鳥?違う。コウモリ…違う。もっと大きい音だ。
空を見上げるとそこには身長は170センチほどの人型の羽の生えた…よくみると角のようなものも生えている。まるで…「悪魔」のようだ。そしてその生物は彼女の前に舞い降りると口を開いた。
「平野…綺羅…会いに…きた…」
「こんばんは、ベルフェゴール。また会ったね」
「…ああ…」
そのようなやり取りをすると彼女と悪魔の影が重なったように見えた。悪魔の特徴である角や羽の影はない。まるで人同士がキスを…
「ッ!!!!」
その時声を失ってしまった。心臓の音が止まらない。頭の中がぐちゃぐちゃだ。俺の好きな人が見知らぬ奴に…唇を奪われているかと思うと…憎悪、怒り、悲しみ、言い表せない。分かっている。それは自分の勝手なことだと。だけど感情が溢れでるのを止められない。ここで泣いてはダメだ、帰って泣こう。
ダメだ…もう…
「うっ…うう…」
思わず声が漏れた。その瞬間刃の様な風が俺を襲った。

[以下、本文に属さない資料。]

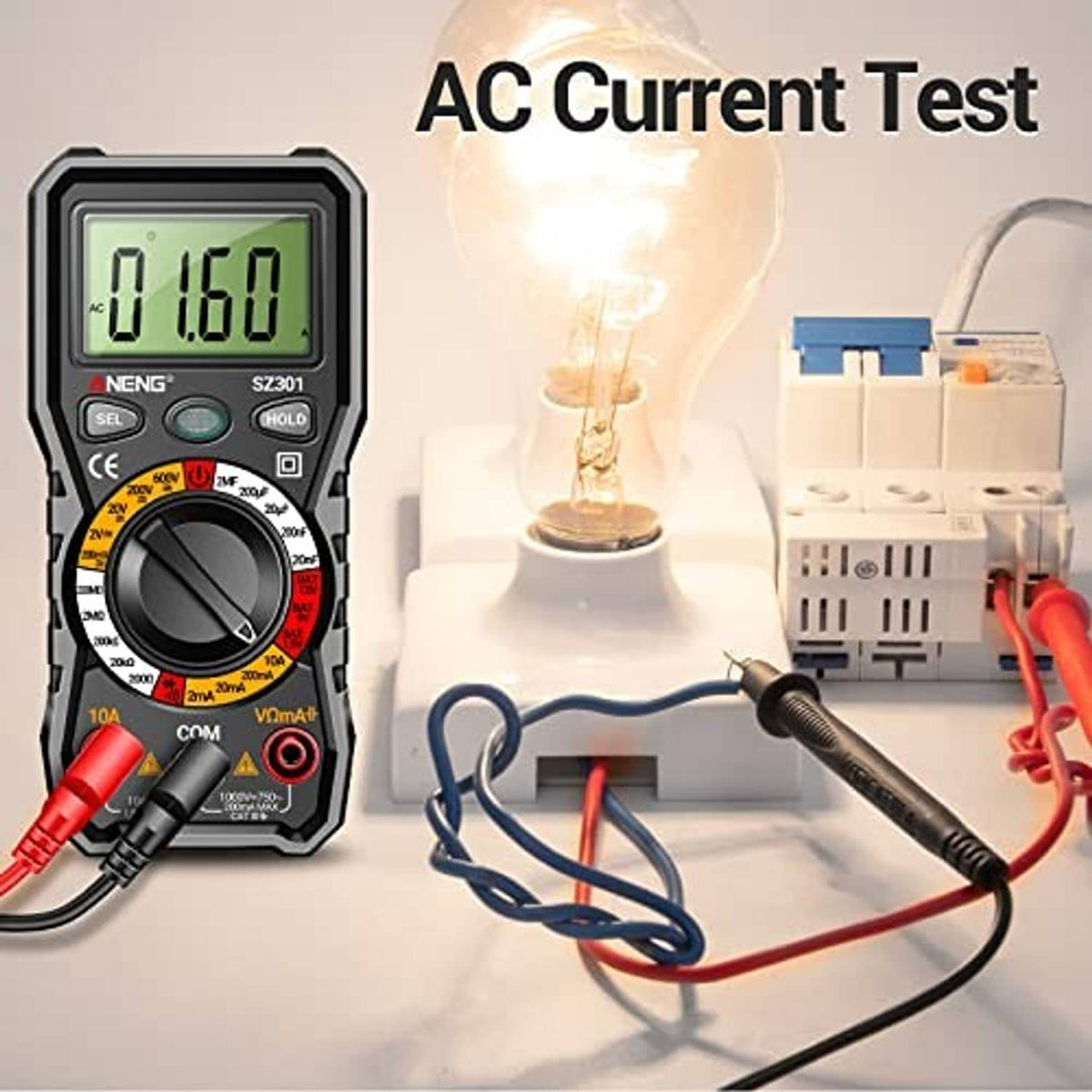 Black digital multimeter with red and black test leads connected to a lamp circuit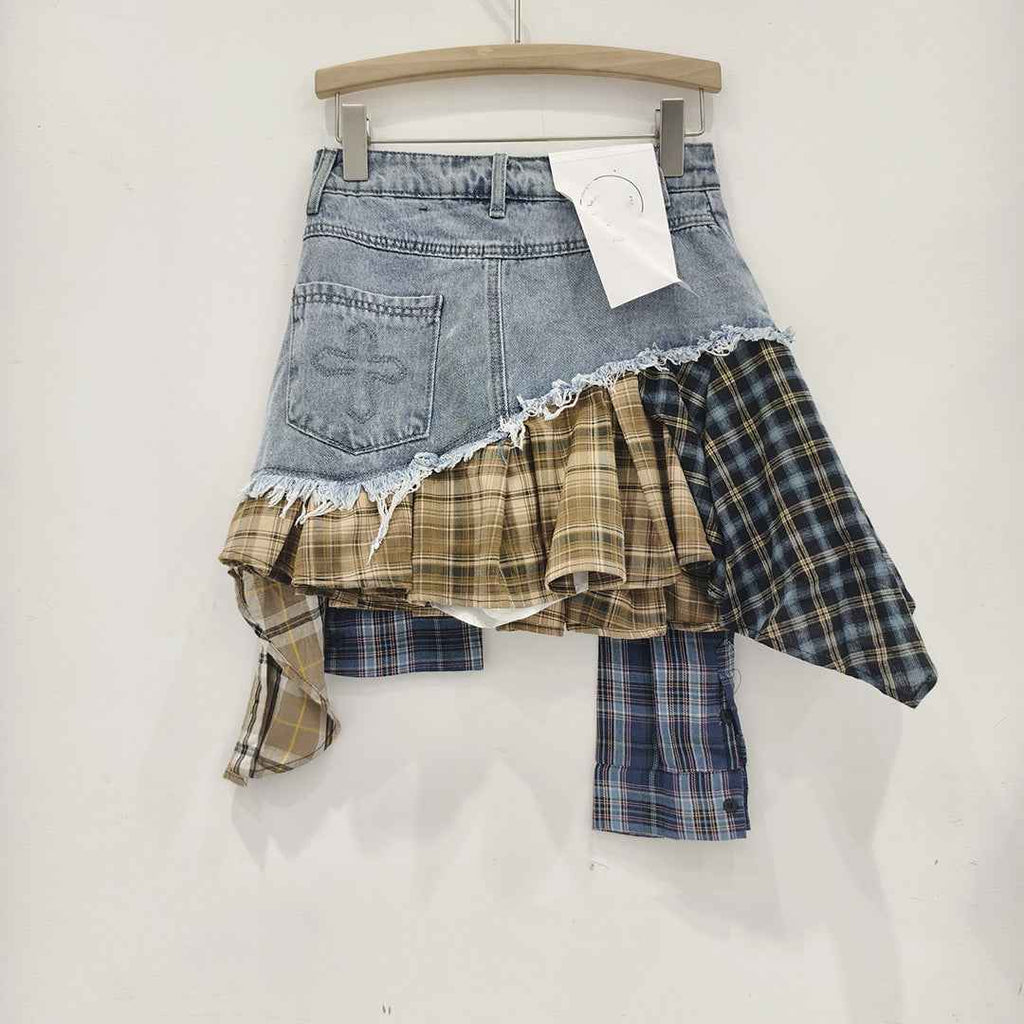 Irregular Hem Patchwork Denim Skirt For Women - ETAclothes.store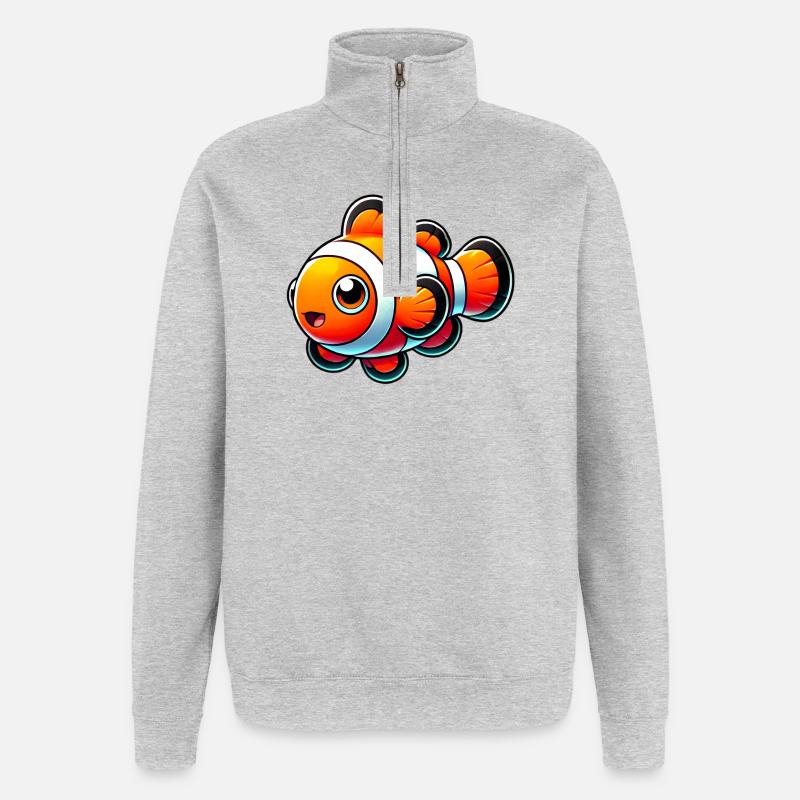 Clownfisch - Quarter-Zip-Sweatshirt - Grau meliert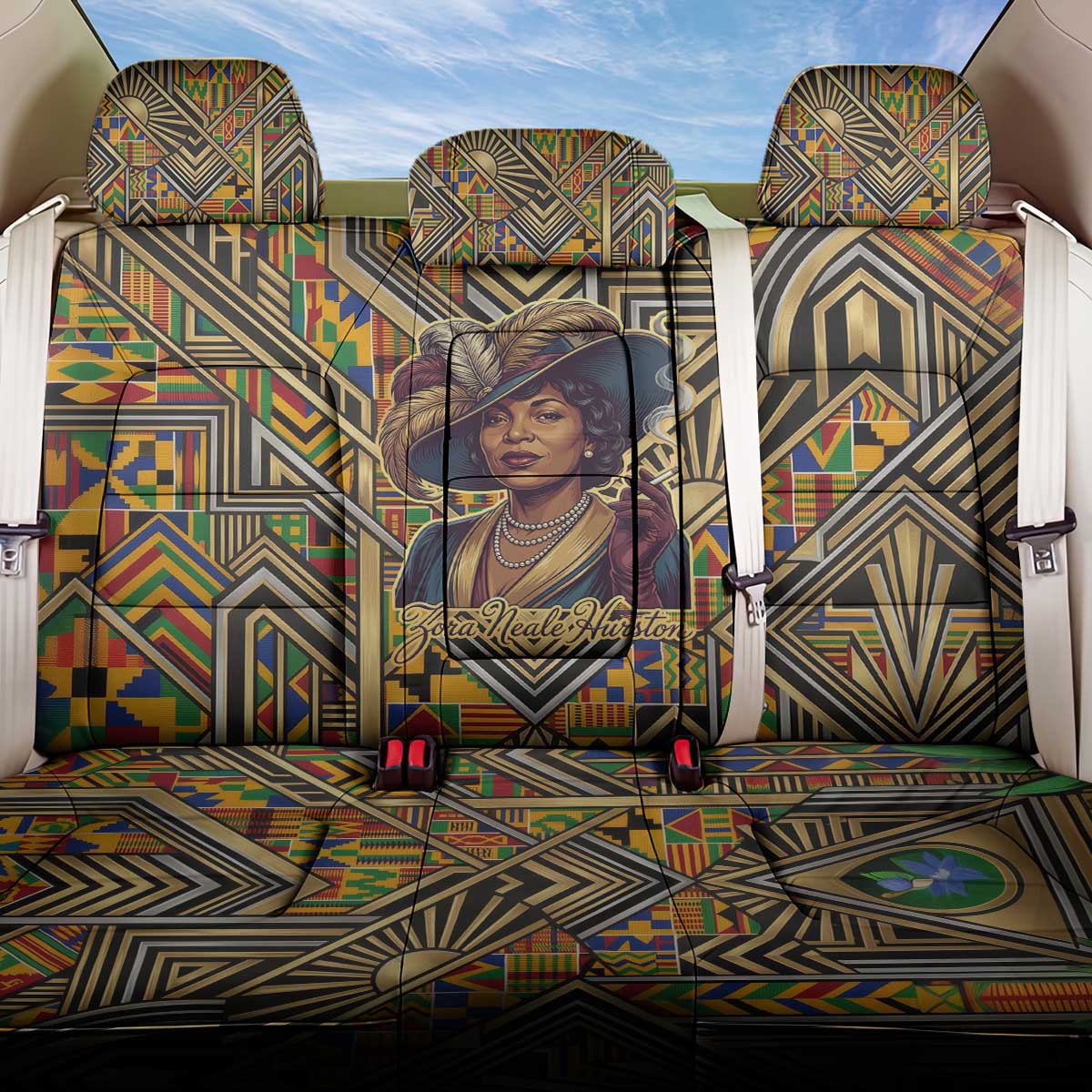 Zora Neale Hurston Back Car Seat Cover Bold Kente and Art Deco Pattern - I Am Not Tragically Colored - Wonder Print Shop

頬から血が流れている。けど痛みはない。それどころでない。
「お前は…ダレ…だ…」
人型の悪魔のような生物はそう言った。随分と低い声が俺の恐怖心を煽る。
「篝…くん?」
終わった…完全に嫌われてしまった。こんなところを見てしまったんだ。それに相手には悪魔がいる。殺されるに違いない。
「う、ウワァァァァァ!!!!!」
頭を抱え地面に額をつけ、叫んだ。無様だ。かっこ悪い。好きな人の前で。
…何も反応がない。あまりの無様さに呆れて声も出ないのだろうか。
「…え?」
そこには何の影もなかった。悪魔はもちろん平野の姿も。俺は暗く静まり返った夜道を歩き、何とか家に着いた。布団に潜りその夜は泣いた。男は泣くな。そんなことは出来ない。人間だ。悲しいものは悲しい。
「俺の…好きな人の…好きな悪魔…」
いつの間にか俺は眠りに就いていた。